Work instructions: Take the listing from its first line through the line that contains "Used 2025 Nissan Rogue SV image 43" and please retype those lines exactly, leaving out the pictures.

= = = =

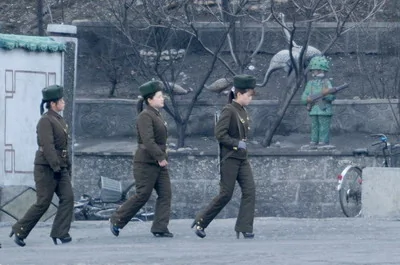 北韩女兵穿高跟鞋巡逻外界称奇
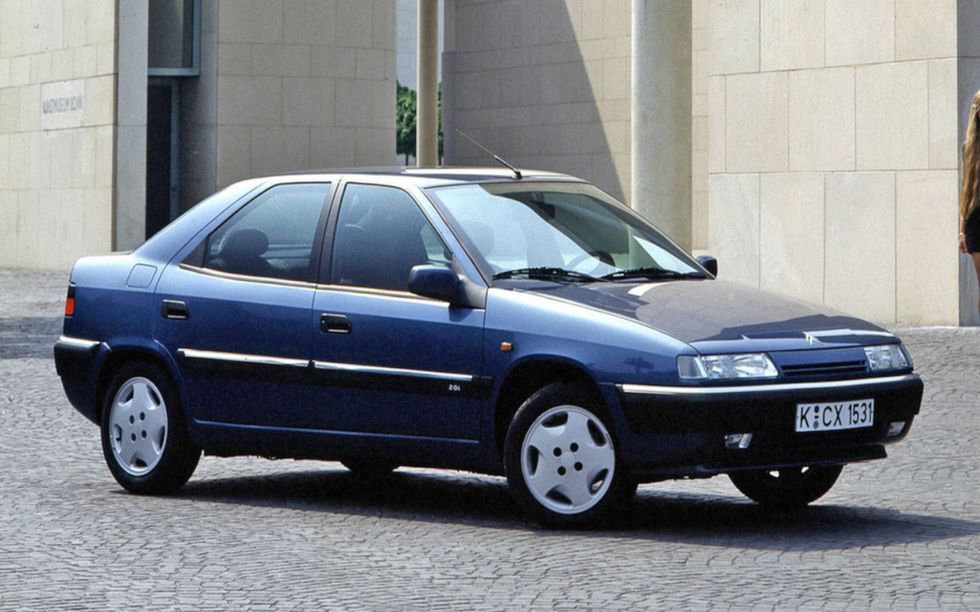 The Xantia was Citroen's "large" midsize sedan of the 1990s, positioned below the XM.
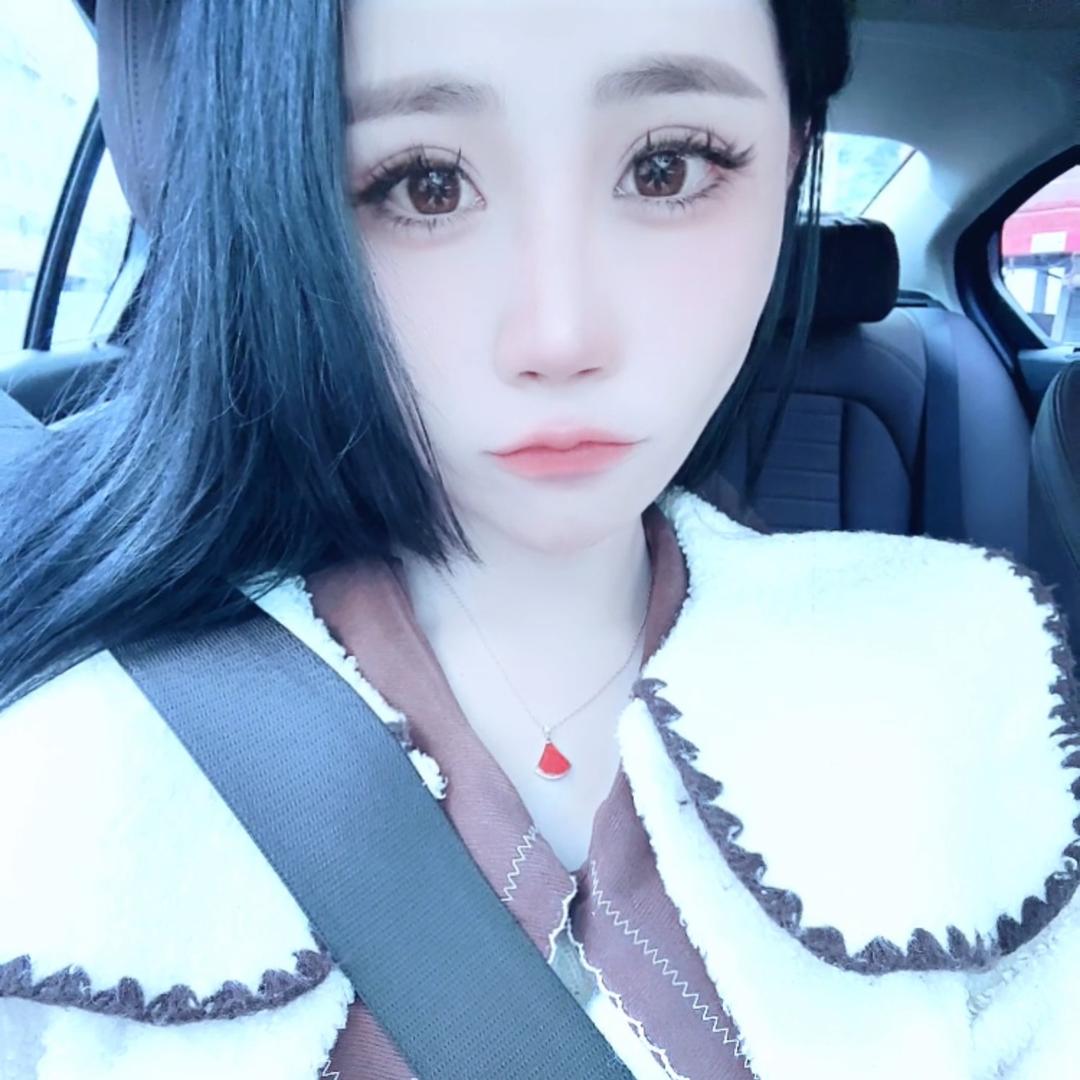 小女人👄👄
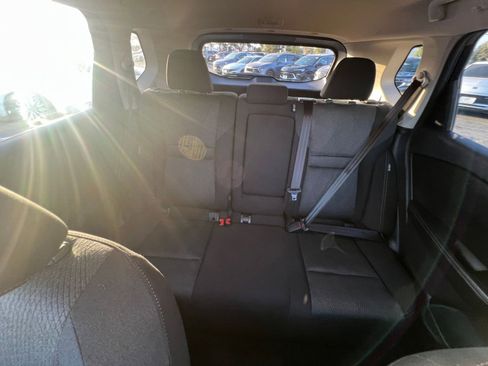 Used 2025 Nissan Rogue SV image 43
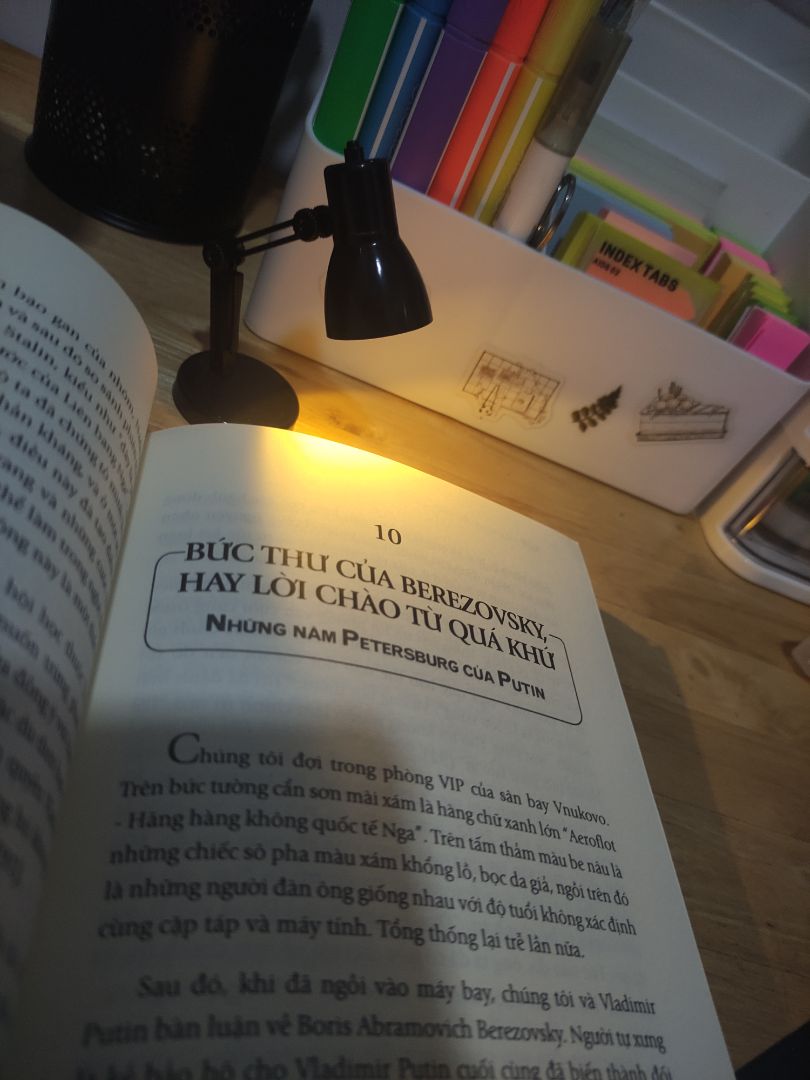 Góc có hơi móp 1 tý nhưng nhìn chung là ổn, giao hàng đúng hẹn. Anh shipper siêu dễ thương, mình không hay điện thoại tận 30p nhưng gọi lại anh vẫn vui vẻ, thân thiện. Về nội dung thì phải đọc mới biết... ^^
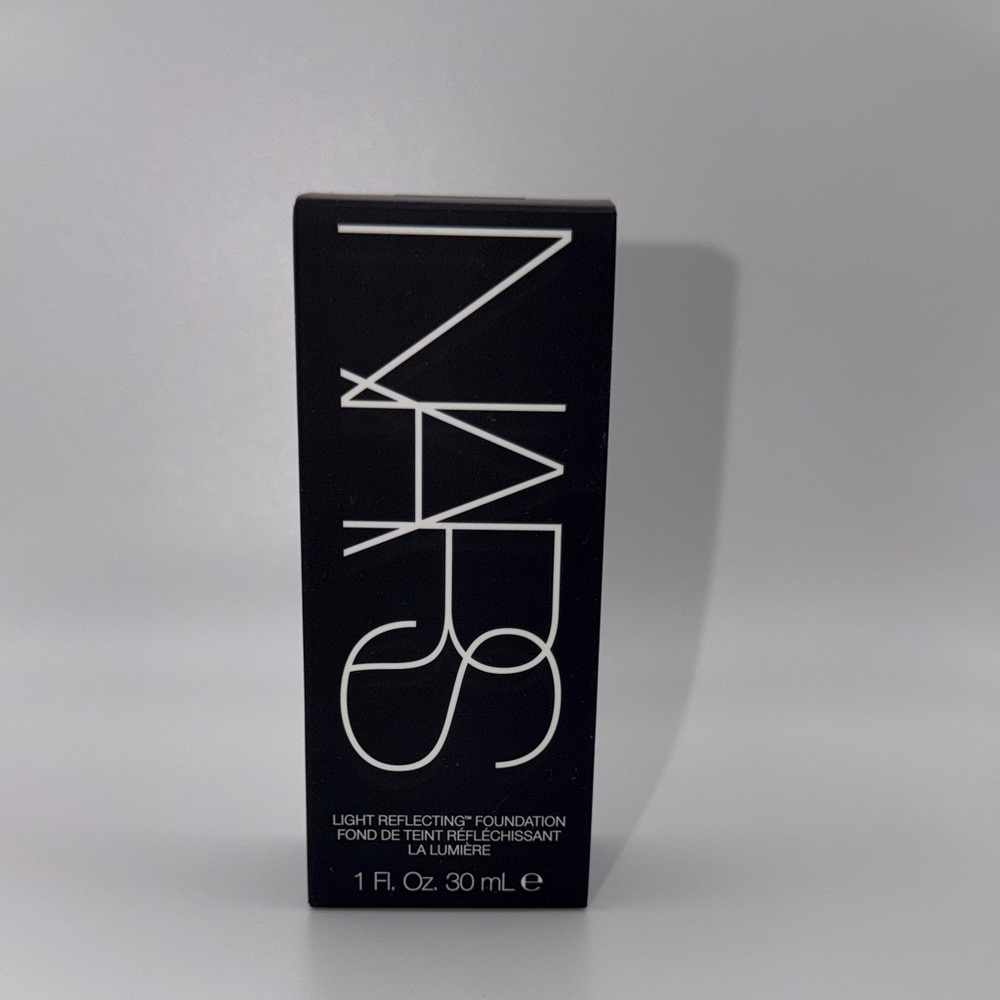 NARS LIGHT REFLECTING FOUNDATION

= = = =

Completed exercise:
 北韩女兵穿高跟鞋巡逻外界称奇
 The Xantia was Citroen's "large" midsize sedan of the 1990s, positioned below the XM.
 小女人👄👄
 Used 2025 Nissan Rogue SV image 43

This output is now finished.